Thomas Hardy, on the other hand, wrote about traditional rural communities of England which were vanishing in the face of rapid industrial growth. The change from old agricultural practice of independent farming to employment of labourers and machines on large farms can be seen in Hardy’s famed work “The Mayor of Casterbridge”. In this novel, through the character of Michael Henchard, Hardy demonstrates how he mourns the loss of the personalised world, even though he knows its problems and understands the advantages of the new order.
Question 2:
Summarise the concern in both nineteenth-century Europe and India about women reading novels. What does this suggest about how women were viewed?
Answer:
The concern in both nineteenth-century Europe and India about women reading novels bore more or less similar fears. Women were seen as easily corruptible and an imaginary world that the novel provided was seen as a dangerous opening for the imaginations of its readers. In certain Indian communities, it was felt that women who read novels would leave their domestic environments and aspire to be part of the outside world—the male domain.
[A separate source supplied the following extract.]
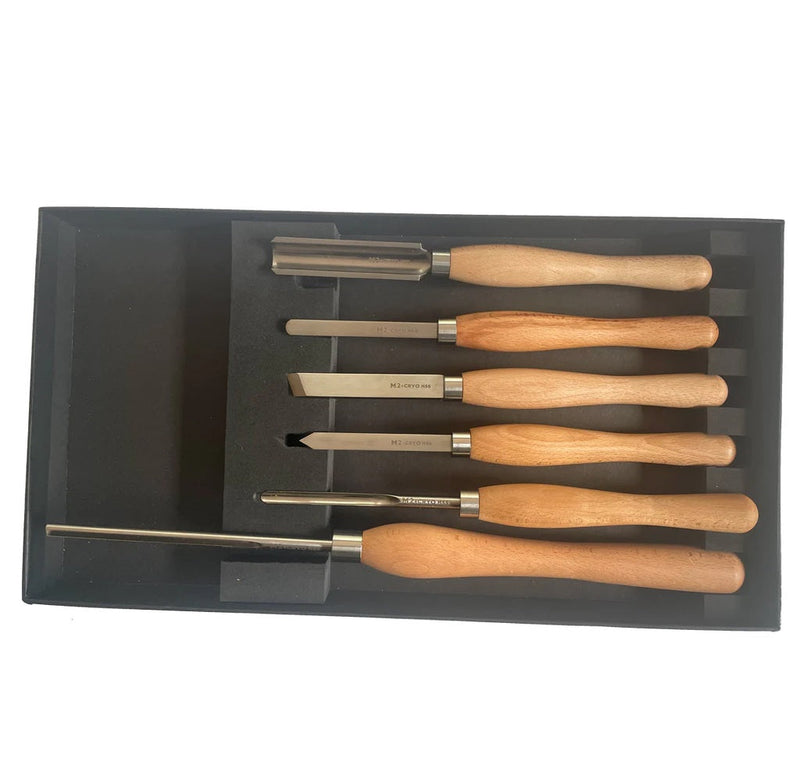 Creative Turning | Turning Set Small Pro Series Cryogenic M2 HSS 6Pc-Toolcraft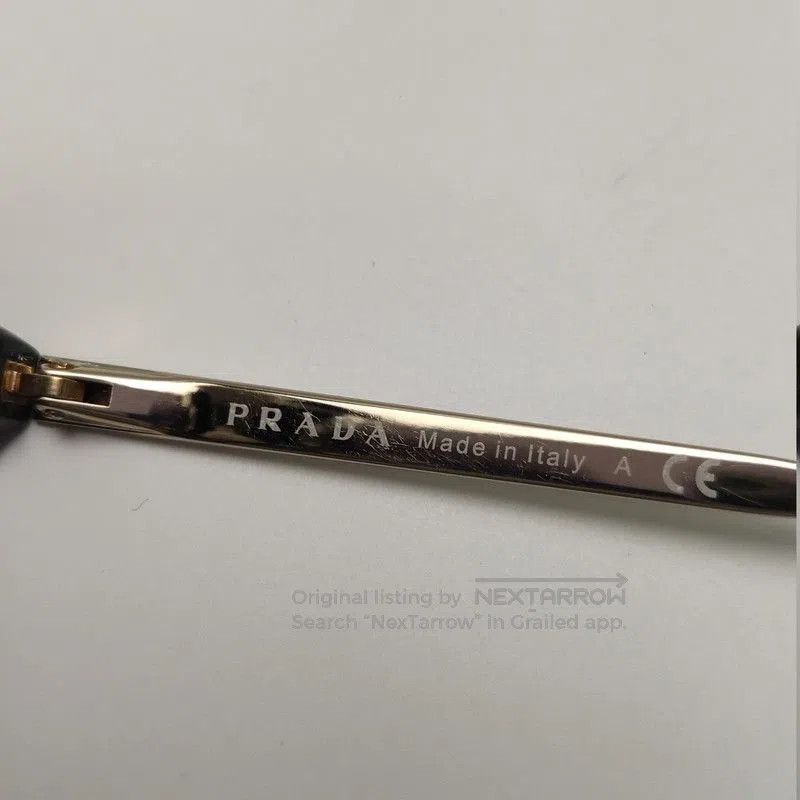 Prada Prada Logo Oversized Sunglasses. Size ONE SIZE - 8 Thumbnail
This suggests that women were viewed as delicate and incapable of being independent. They were merely expected to marry a man who could take care of their financial needs while they maintained his household and remained subservient to him.
Question 3:
In what ways was the novel in colonial India useful for both the colonisers as well as the nationalists?
Answer:
The novel in colonial India was useful for both the colonisers as well as the nationalists on account of a variety of reasons. Colonial rulers found “vernacular” novels illuminating for the information they provided on native customs and life. It was useful in the governance of this diverse country. Indian nationalists used the form of the novel to criticise colonial rule and instill a sense of national pride and unity amongst the people.
Question 4:
Describe how the issue of caste was included in novels in India. By referring to any two novels, discuss the ways in which they tried to make readers think about existing social issues.
Answer:
Indians used the novel as a powerful medium to criticise what they considered defects in their society and to suggest remedies. The issue of caste was included in Indian novels for this same purpose. O Chandu Menon’s “Indulekha”, a love story based on the lines of Benjamin Disraeli’s novel “Henrietta Temple”, is a comment upon the marriage practices of upper-caste Hindus in Kerala. Through the characterisations of his main characters, the author (himself a member of an “upper caste”) pits the ignorant and immoral Nambuthiri Brahmins against the educated and modern Nayars.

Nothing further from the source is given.